The song also received international popularity. On 8 October 2020, the TikTok account of football club West Ham United F.C. made a video using the song. As of 13 October 2020, it garnered 1.2 million views and 110.1 thousand likes, making it the most-viewed video from the account.

===Video during the Myanmar coup d'état===
 The song received global attention after 26-year-old exercise instructor Khing Hnin Wai filmed an aerobics video in the capital Naypyidaw, amid the 2021 Myanmar coup d'état. A convoy of heavily armed military vehicles are seen in the background approaching the nation’s parliament while the song reaches its climax. The video was described by NPR as surreal. Posted on her Facebook, the video became viral and was met with mixed opinions: while its symbolism was lauded, Myanmar military supporters thought of the video as an insult. It has been widely used on Reddit, with Hnin Wai being photoshopped to photos of various historical events.

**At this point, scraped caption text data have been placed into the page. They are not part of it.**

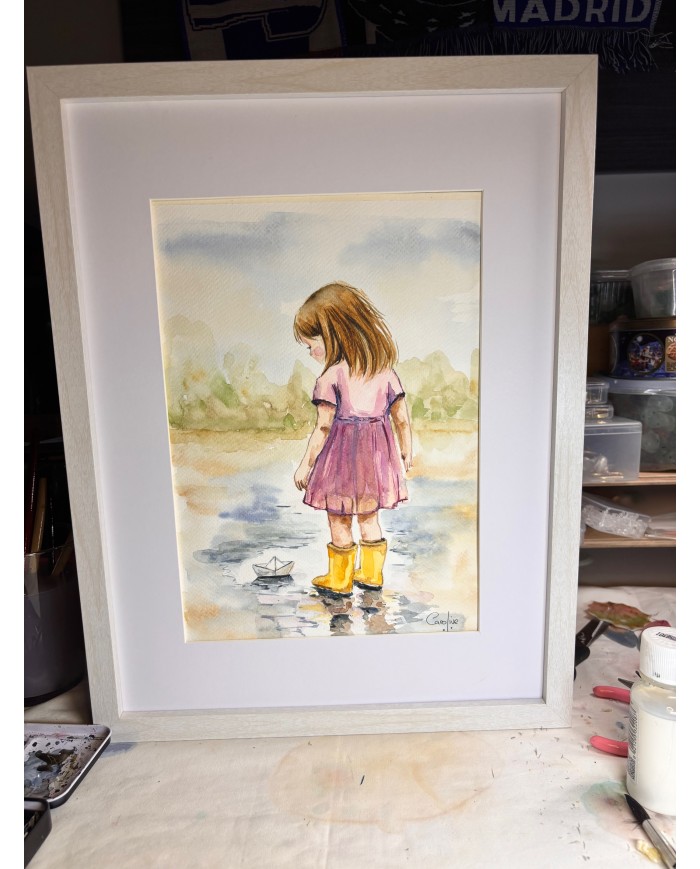 ACUARELA PINTADA A MANO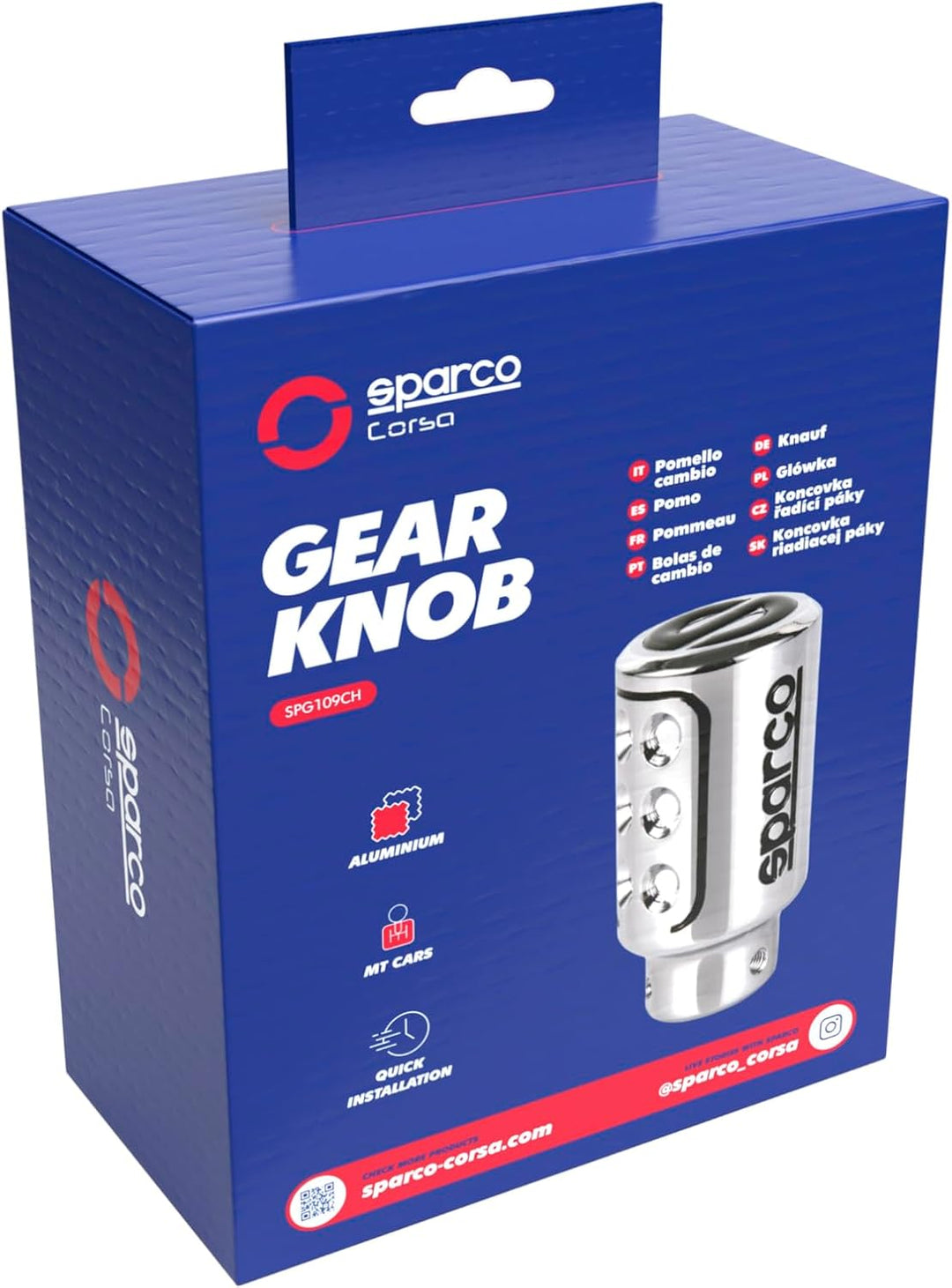 Sparco Manueller Schaltknauf Racing Chrom Universal RACING Chrome, RACING Chrome
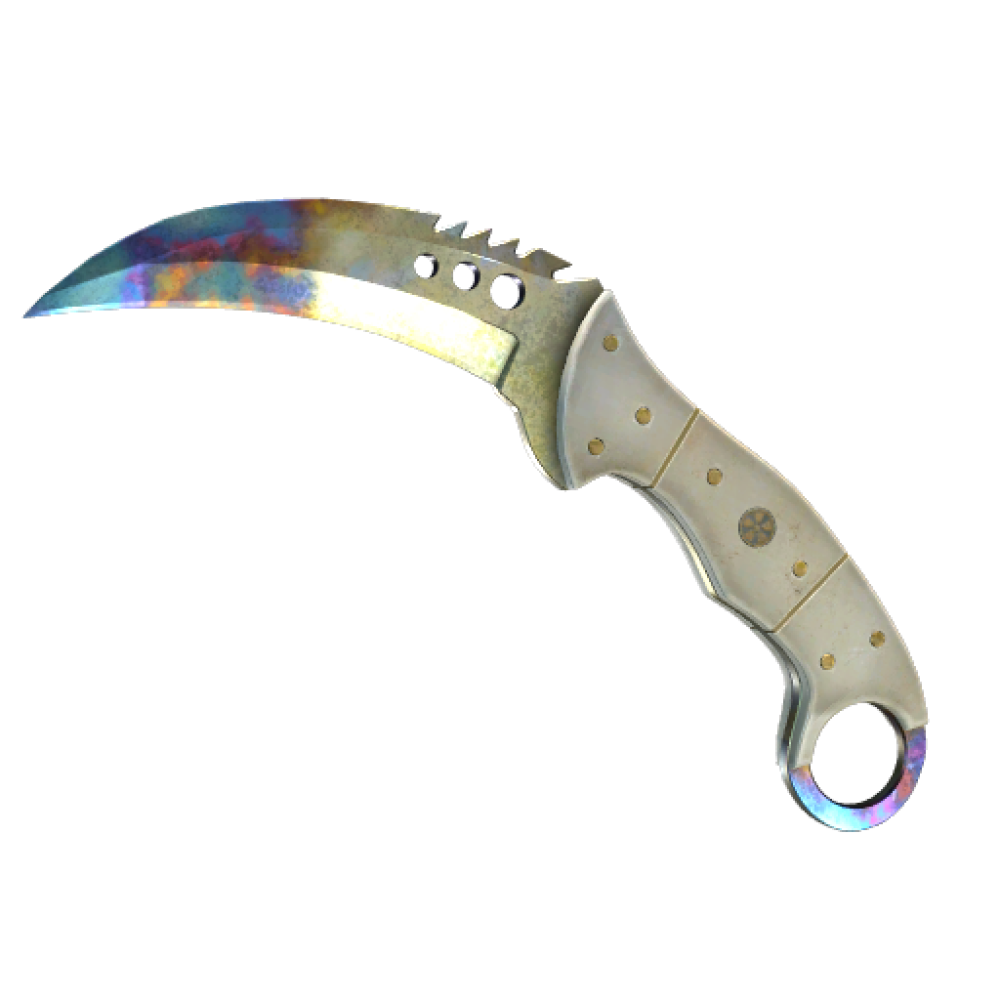 ★ Talon Knife | Case Hardened (Well-Worn)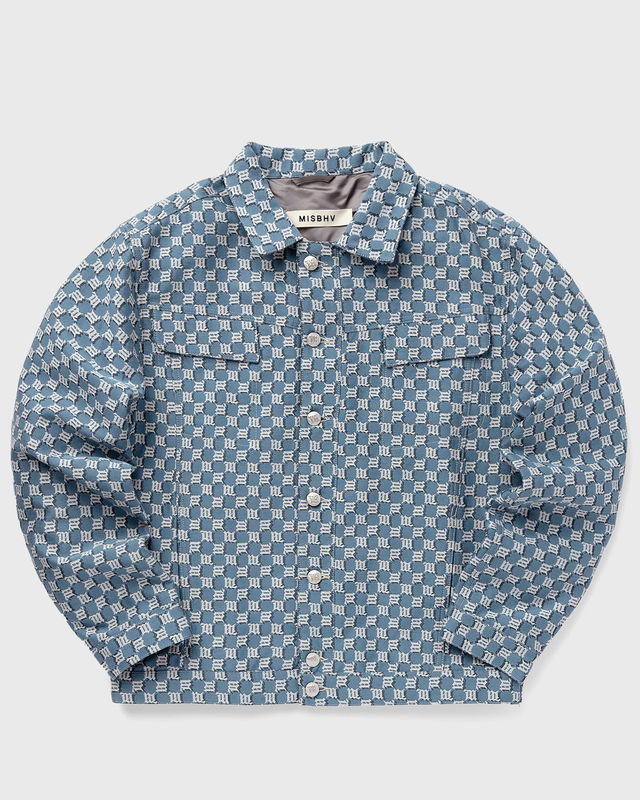 Jacquard Monogram Canvas Trucker Jacket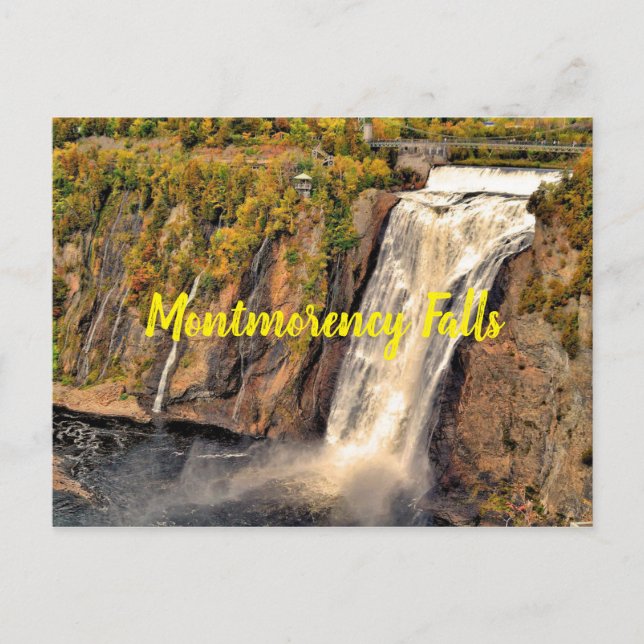 Carte Postale Chutes Montmorency Canada stylisé (Devant)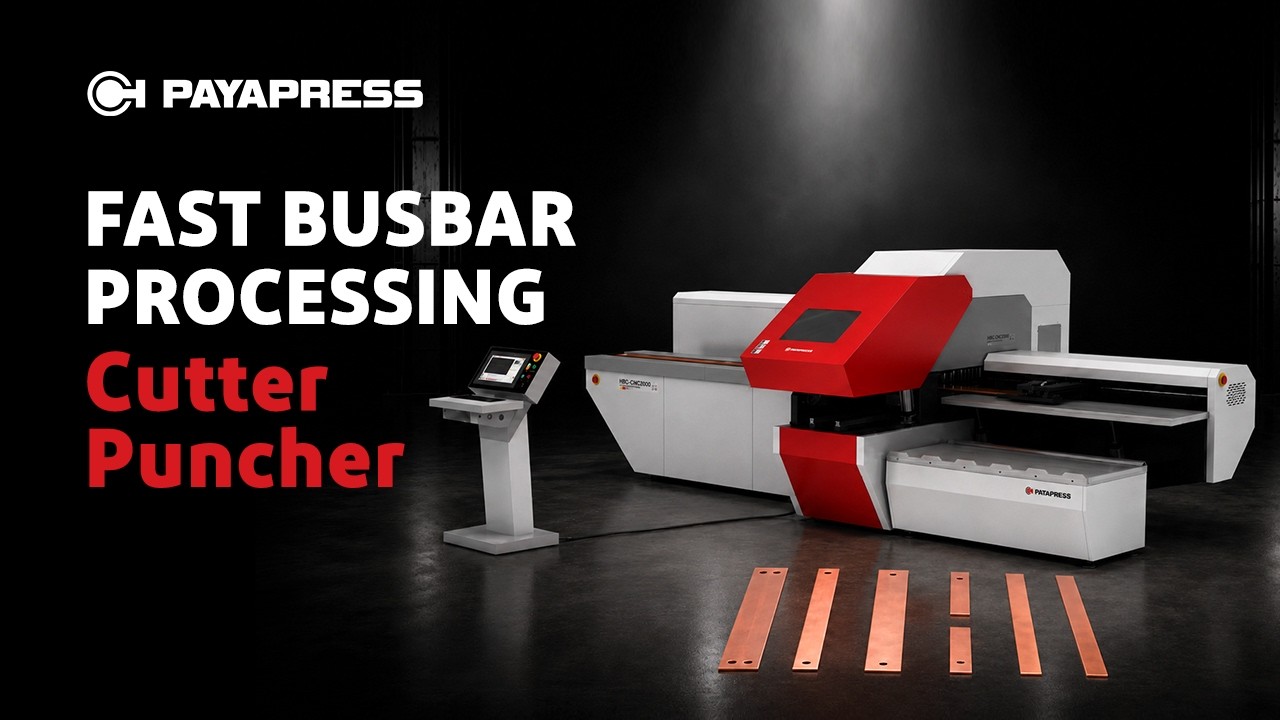 CNC Busbar Punching and Cutting Machine  Model: HBC CP CNC200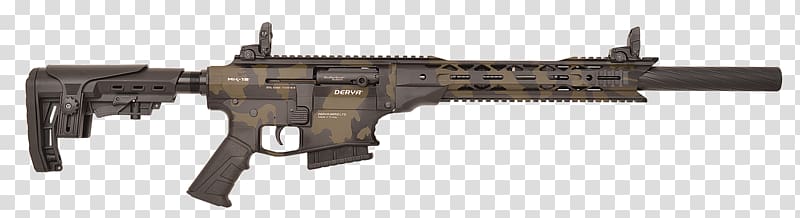 Shotgun Derya MK-12 Derya MK-10 Mk 12 Special Purpose Rifle, weapon transparent background PNG clipart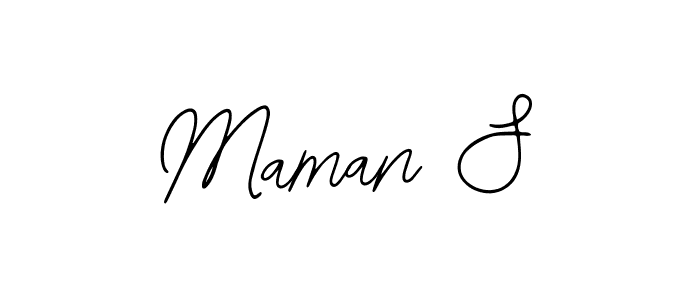 The best way (Bearetta-2O07w) to make a short signature is to pick only two or three words in your name. The name Maman S include a total of six letters. For converting this name. Maman S signature style 12 images and pictures png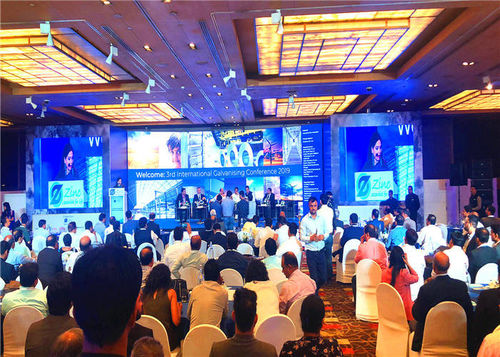 Latest company news about Hindistan'ın Delhi şehrinde düzenlenen 3. uluslararası galvanizing konferansına katıldı.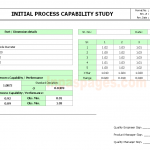 Initial process capability study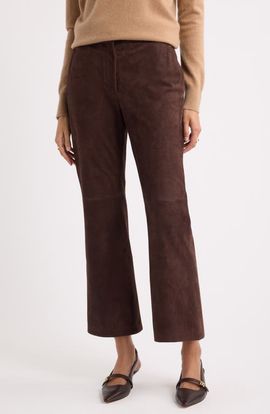 Nordstrom Nordstrom Suede Kick Flare Pants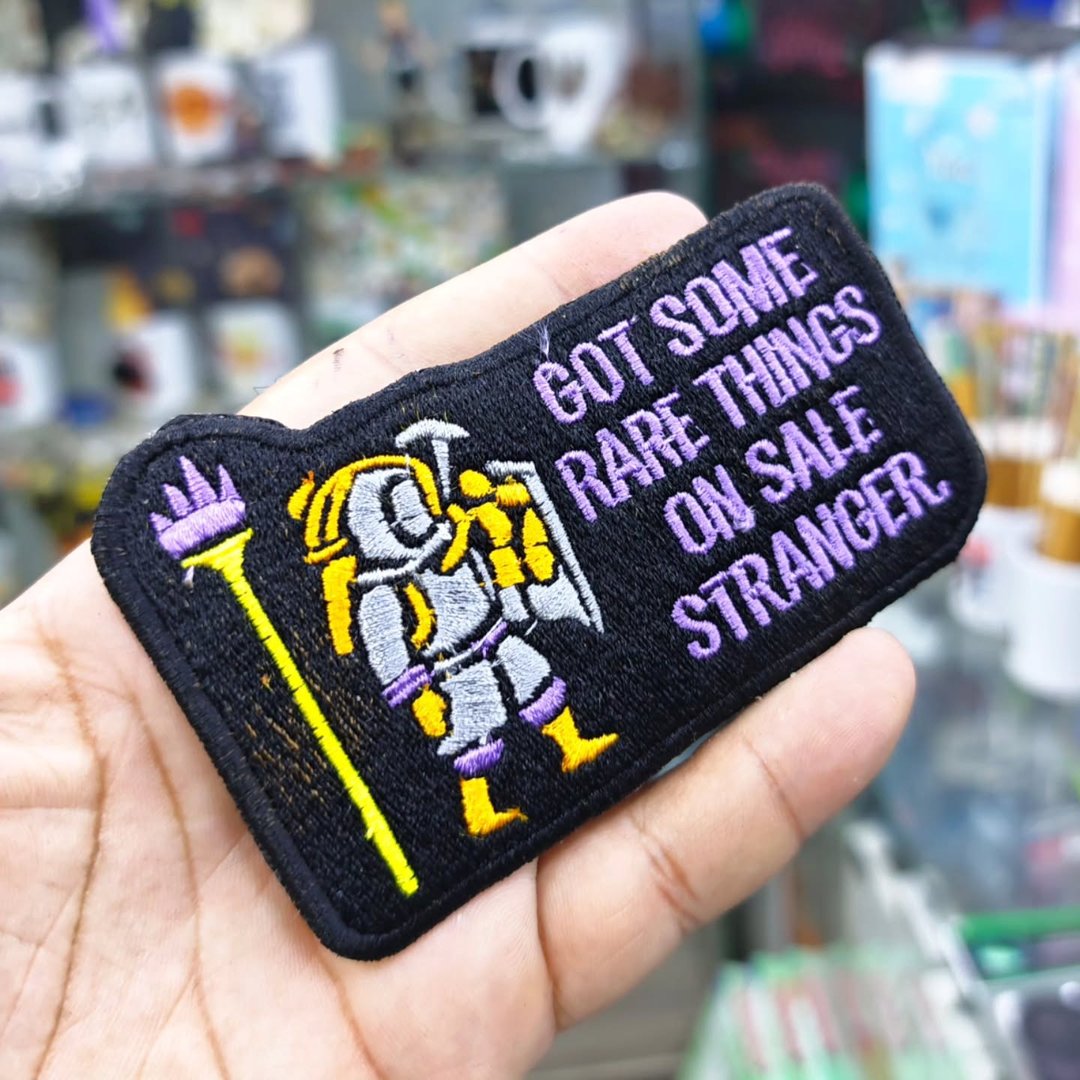 Embroidered patch Resident Evil Stranger 65 x 110 MM - alternate view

Responding to the video, Dorongpangalo hoped that "Ampun Bang Jago" proves to international audiences that Indonesian songs—particularly those from eastern Indonesia—can be enjoyable too, and for Indonesian singers to continue their works "to enliven the homeland's musical reputation."

===Remix===

"Ampun Bang Jago
Tapi bo'ong
Si kecil mulai aktif"

— Changes of lyrics on the remix version features a plot twist,
featuring a reference to an Internet meme originating from a milk advertisement

Due to the song's popularity, upon requests from fans, and under the will to collaborate with fellow Bitung content creators, the duo announced a sequel single, "Ampun Bang Jago&nbps;2". The remix features a different audio mixing style; for example, the sound drop at the start of the song are replaced by sirens. Because of the easiness, it was made within three days. There are also changes to the lyrics, with a plot twist at the end, saying "Tapi bo'ong", meaning "It's a lie". Dorongpangalo stated that the sequel is merely "for fun" and does not have as many sarcastic elements as its predecessor.